Fernando Castelo Branco, criminalista
“Lembro-me de recente e firme manifestação do Supremo Tribunal Federal sobre situação análoga, em que tentou-se transformar advogados em investigados, subvertendo a ordem jurídica. Para se preservar a higidez do devido processo legal e, em especial, o equilíbrio constitucional entre o Estado-acusador e a defesa, é inadmissível que autoridades com poderes investigativos desbordem de suas atribuições para transformar defensores em investigados. São, pois, ilegais quaisquer incursões investigativas sobre a origem de honorários advocatícios, quando, no exercício regular da profissão, houver efetiva prestação de serviços profissionais.”

Luiz Flávio Borges D’Urso, ex-presidente da OAB-SP, doutor pela Faculdade de Direito da USP
“É inadmissível, inconstitucional e absurda a quebra do sigilo bancário do escritório de advocacia Mariz de Oliveira, pois jamais se pode confundir o advogado com seu cliente. Isto representa ataque à advocacia, às prerrogativas profissionais dos Advogados e ao próprio Estado Democrático de Direito”.

Antônio Carlos de Almeida Castro (Kakay), criminalista
“Um dos atos mais arbitrários dos últimos tempos. Tenho andado o Brasil inteiro nos últimos três anos, desde que foram se acumulando os excessos da ‘lava jato’, que fez com que, de certa forma, banalizasse as diversas ações repressivas como excesso de prisão preventiva, de delação. E com certeza estamos vivendo um momento de criminalização da advocacia criminal. É muito grave, pois somos nós que estamos na trincheira da defesa dos direitos fundamentais, da defesa da Constituição. Primeiro fizeram uma manifestação que parecia pueril, mas foi se tornando grave que é de certa forma colocar em xeque o advogado pelo fato de ele ter a coragem e independência de defender teses em nomes de clientes que são massacrados pela grande mídia e pelo Judiciário. A quebra de sigilo bancário de um advogado que já foi presidente da Ordem, com a estatura do Mariz, representa a definição de um confronto. A OAB tem que agir imediatamente, o Conselho Federal tem que determinar uma comissão para ingressar com Habeas Corpus e impedir que essa quebra de sigilo se efetive.”

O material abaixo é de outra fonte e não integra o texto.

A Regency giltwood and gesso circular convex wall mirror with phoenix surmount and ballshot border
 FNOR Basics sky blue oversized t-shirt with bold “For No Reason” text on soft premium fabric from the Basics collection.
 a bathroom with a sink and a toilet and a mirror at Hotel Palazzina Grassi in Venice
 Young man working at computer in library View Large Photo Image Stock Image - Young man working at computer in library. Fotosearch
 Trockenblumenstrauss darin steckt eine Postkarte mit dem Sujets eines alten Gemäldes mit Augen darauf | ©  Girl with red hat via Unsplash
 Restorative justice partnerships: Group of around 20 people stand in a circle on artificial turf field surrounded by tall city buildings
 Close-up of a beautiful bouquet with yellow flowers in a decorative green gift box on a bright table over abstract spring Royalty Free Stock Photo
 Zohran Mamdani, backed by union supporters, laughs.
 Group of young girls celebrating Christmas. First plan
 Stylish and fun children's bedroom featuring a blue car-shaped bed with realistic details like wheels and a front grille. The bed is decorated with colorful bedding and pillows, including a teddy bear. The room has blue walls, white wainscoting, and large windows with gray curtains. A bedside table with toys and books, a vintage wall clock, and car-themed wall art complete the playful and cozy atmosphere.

Fernando Augusto Fernandes, advogado criminalista, doutor em ciência política
“Esta quebra de sigilo representa um abuso de autoridade que merece imediata e dura atuação da OAB, que já se manifestou, assim como de toda a classe da advocacia! Sobral dizia que a advocacia não é para covardes e saibam todos que a advocacia não será encurralada e não se acovardar diante desses ataques. Certamente esses abusos terão consequências criminais, administrativas e internacionais contra os que pretendem impedir o exercício da defesa. Não haverá imunidade para esses abusos! Não nos curvamos as ditaduras e não faremos isso em tempos modernos”

Renato de Mello Jorge Silveira, presidente do Iasp
“O Instituto dos Advogados de São Paulo (Iasp) recebe com muita preocupação a informação de quebra de sigilo bancário do advogado Antonio Cláudio Mariz de Oliveira por parte da 10ª Vara Criminal de Brasilia. A situação, além de violar as mais básicas prerrogativas profissionais, mostra-se com tons de prejulgamento do advogado, confundindo-o com a figura de seus clientes. O Iasp acompanhará os trâmites processuais nos próximos dias, na busca de defesa do Estado de Direito.”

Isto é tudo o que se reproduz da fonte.